> _What to produce_
Reproduce the line with "plakat w drewnianej" and everything after it in the listing below, exactly, both ends included. No pictures.

> _Source data_
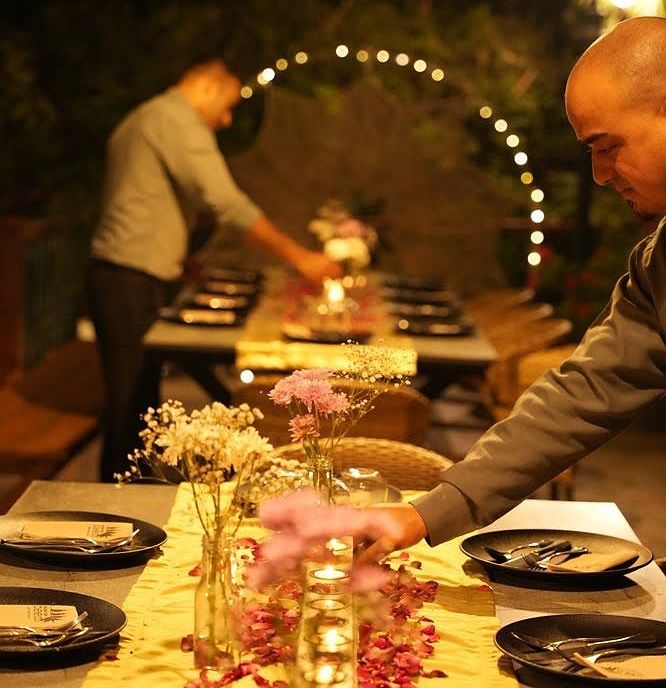 Dining table at Karma Chalets set with plates and a flower garland, with a person arranging the setup under lights.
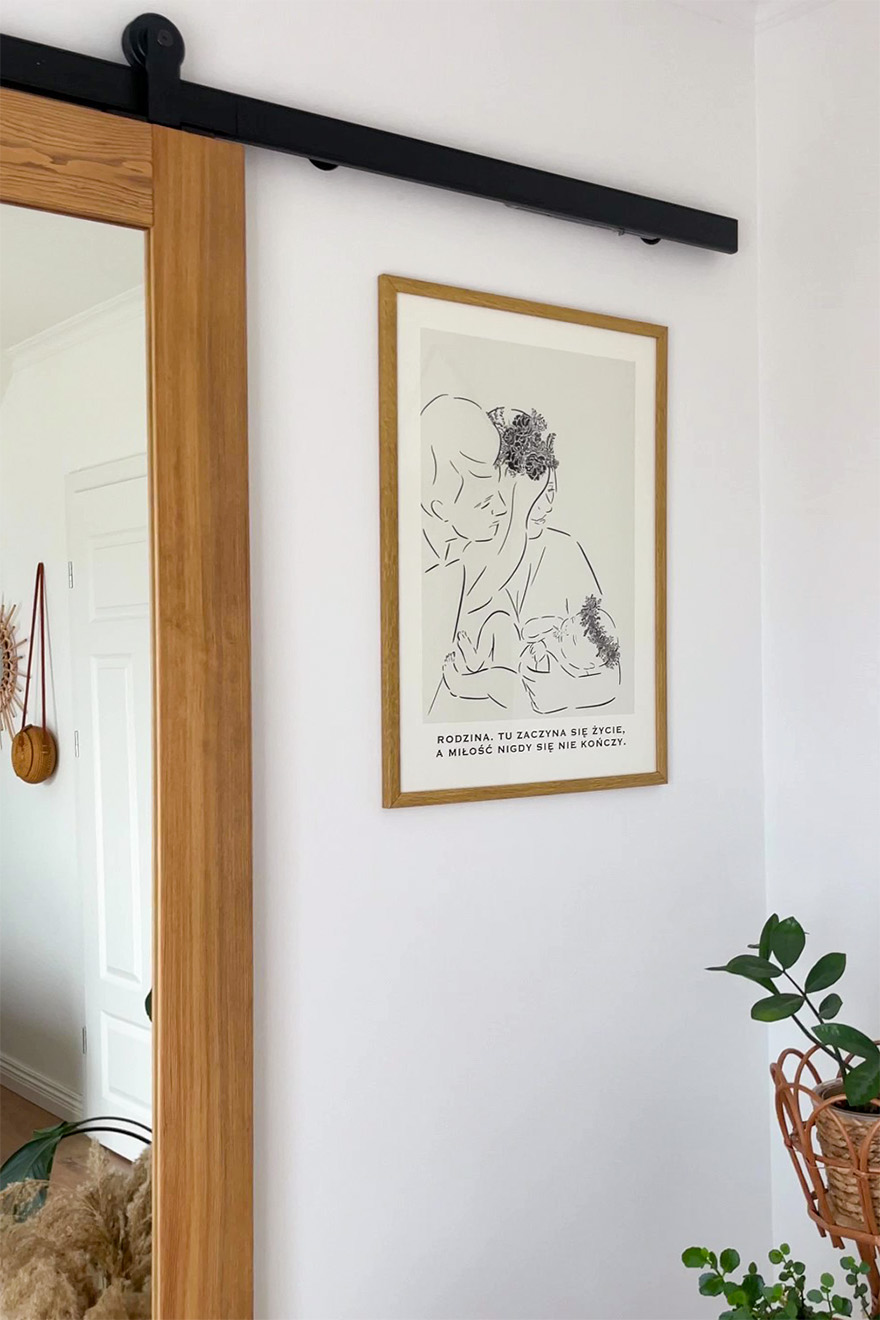 plakat w drewnianej ramie na ścianie obok drewnianych drzwi przesuwnych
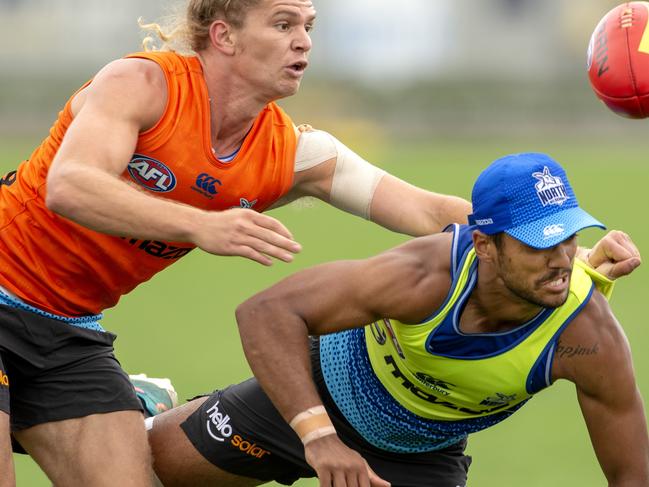 Aaron Hall, right, competes with Jed Anderson at North Melbourne training.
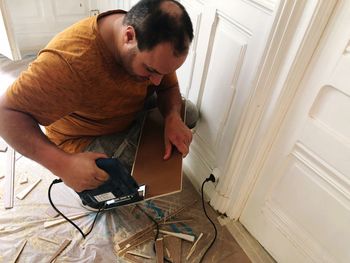 High angle view of man photographing at home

> _Exercise result_
 plakat w drewnianej ramie na ścianie obok drewnianych drzwi przesuwnych
 Aaron Hall, right, competes with Jed Anderson at North Melbourne training.
 High angle view of man photographing at home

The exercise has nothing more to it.